Machine Learning Research for Polymarket Trading

Executive Summary

Based on analysis of our data (300+ snapshots, 50 unique markets) and current research, prediction markets exhibit significant inefficiencies that can be exploited with ML. The key insight: markets are demonstrably inefficient - academic research shows ~$40M in arbitrage profits extracted from Polymarket in 2024 alone.

Bottom Line: Start simple with classical approaches, add ML incrementally as data grows. Focus on arbitrage detection and mean reversion rather than outcome prediction.

Current Data Limitations

Only 6 snapshots per market (collected over ~22 minutes based on timestamps)
No resolution data yet (0 resolved markets in database)
No price momentum history (insufficient time-series depth)
High variance markets (prices like 0.0025 to 0.9965 in same snapshot)

Reality Check: You need more data before training supervised models on outcomes. But you can trade inefficiencies NOW.

1. ML Patterns That Work for Prediction Markets

A. Arbitrage Detection (IMMEDIATE OPPORTUNITY)

Why it works: Academic research shows Polymarket is structurally inefficient.

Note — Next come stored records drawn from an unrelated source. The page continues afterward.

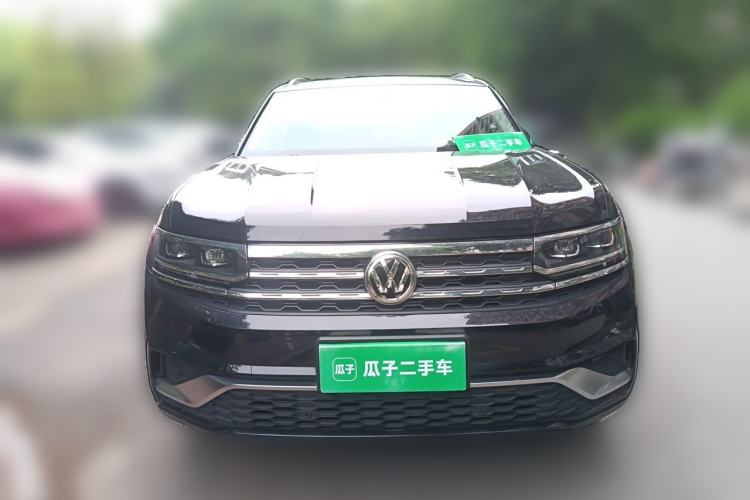 Used Volkswagen Teramont X 2019 380TSI Four-Wheel Drive Prestige Luxury Edition Front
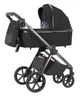 Універсальна коляска 3 в 1 Carrello Omega CRL-6535/1 Absolute Black - зображення 10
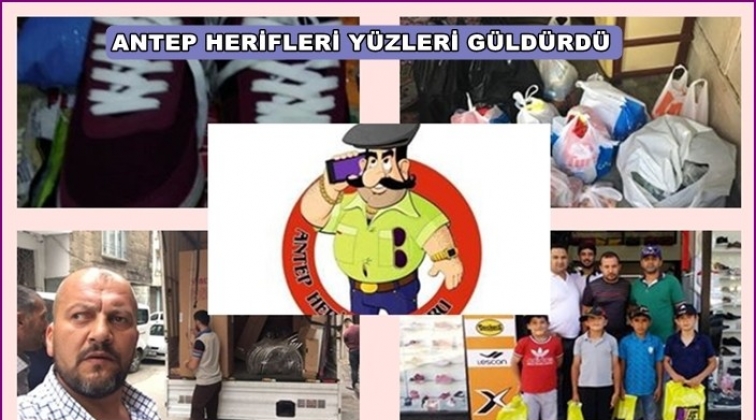 Antep herifleri muhta&ccedil; ailelerin y&uuml;z&uuml;n&uuml; g&uuml;ld&uuml;rd&uuml;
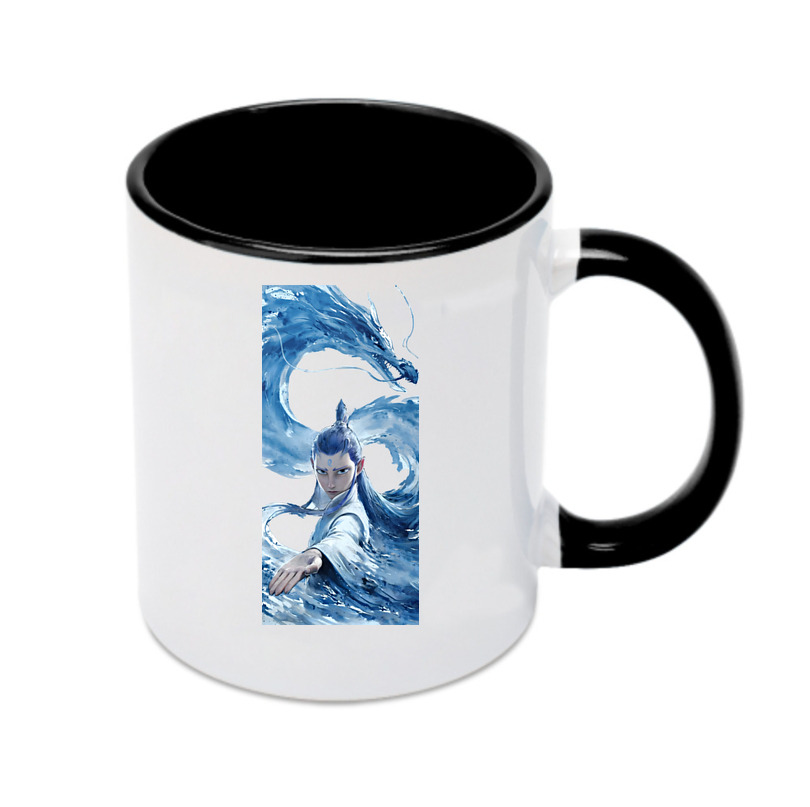 （画像用） Ne Zha 2 ナタ 魔童の大暴れ カラーマグカップ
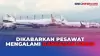 Pesawat Jemaah Calon Haji Kloter 5 Embarkasi Makassar Mendarat Darurat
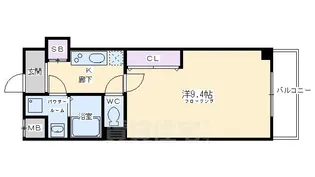 YAMASHO23【4階】の間取り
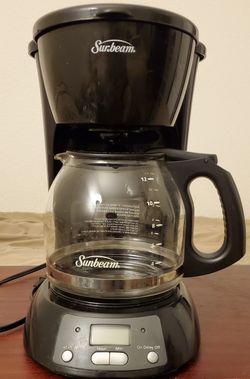 Sunbeam coffee maker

Recent 2024-2025 research findings: - Nearly $40M extracted via arbitrage in one year - Top 3 wallets profited $4.2M from 10,200+ arbitrage trades - Median sum of condition prices = $0.60 (should be $1.00) - 93% of PredictIt markets had pricing inefficiencies - On Polymarket, Harris + Trump contracts summed to ≠ $1 on 62 of 65 days before 2024 election

What to detect: - Single market arbitrage: P(YES) + P(NO) ≠ 1.00 - Cross-market arbitrage: Related events mispriced (e.g., "Trump wins" vs "Trump wins popular vote") - Cross-platform arbitrage: Same event, different prices on Kalshi/PredictIt/Polymarket

Implementation:

# Simple rule-based (no ML needed initially)
def detect_arbitrage(yes_price, no_price):
    total = yes_price + no_price
    if total < 0.98 or total > 1.02:  # 2% threshold
        return True, total
    return False, total

# ML approach (as data grows)
# Use isolation forests or autoencoders to detect anomalous pricing
from sklearn.ensemble import IsolationForest
model = IsolationForest(contamination=0.05)
features = [yes_price, no_price, volume_24h, liquidity, time_to_expiry]

Your stat_arb strategy already does this - it's tracking spread z-scores between correlated markets. Keep it.

B. Mean Reversion Models

Why it works: Prediction markets overreact to news, then correct.

Features that matter: - Price velocity (dp/dt over last N snapshots) - Volume spikes (24h volume / avg volume) - Time to expiration (markets stabilize near resolution) - Spread from consensus (how far from 50%)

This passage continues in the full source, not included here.